Entry requirements

120 credits inclusive Algebra and geometry. Calculus. Mechanics. Chemical thermodynamics. Organic chemistry. Quantum mechanics and chemical bonding.

Learning outcomes

The course covers statistical mechanical theory and its applications to molecular systems as well as modern computer simulation methods for studying the dynamics and energetics of macromolecules. After completing the course the student should be able to

• explain the foundations and concepts of statistical mechanics such as canonical distributions, ensembles and partition functions
• account for the statistical mechanical description of ideal and non-ideal gases and simple liquids as well as the molecular mechanical description of force fields for intereacting systems
• use computational methods such as molecular dynamics simulations, energy optimisation, Monte Carlo and free energy calculations based on thermodynamics cycles
• use an integrated computer modelling environment for analysing biomolecular structure, function and dynamics

Content

The course is oriented both towards statistical mechanical theory and computer simulations of biomolecular dynamics and energetics.

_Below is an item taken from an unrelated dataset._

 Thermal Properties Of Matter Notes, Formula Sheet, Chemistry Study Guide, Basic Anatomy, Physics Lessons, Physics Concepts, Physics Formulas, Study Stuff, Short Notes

It covers the following elements:

Maxwell-Boltzmann distributions, ensembles, molecular and canonical partition functions, kinetic theory of gases, transition state theory, configurational distributions, non-ideal gases, simple liquids, analytical force fields for interacting systems, energy optimisation, Monte Carlo methods, molecular dynamics simulation and algorithms, thermodynamics cycles and free energy calculations, methodology and applications in computer-aided drug design.

Instruction

The schedule comprises lectures, classroom exercises och computer practicals.

Assessment

Written exam at the end of the course and passed written reports from computer practicals. Credits are only awarded for the completely passed course.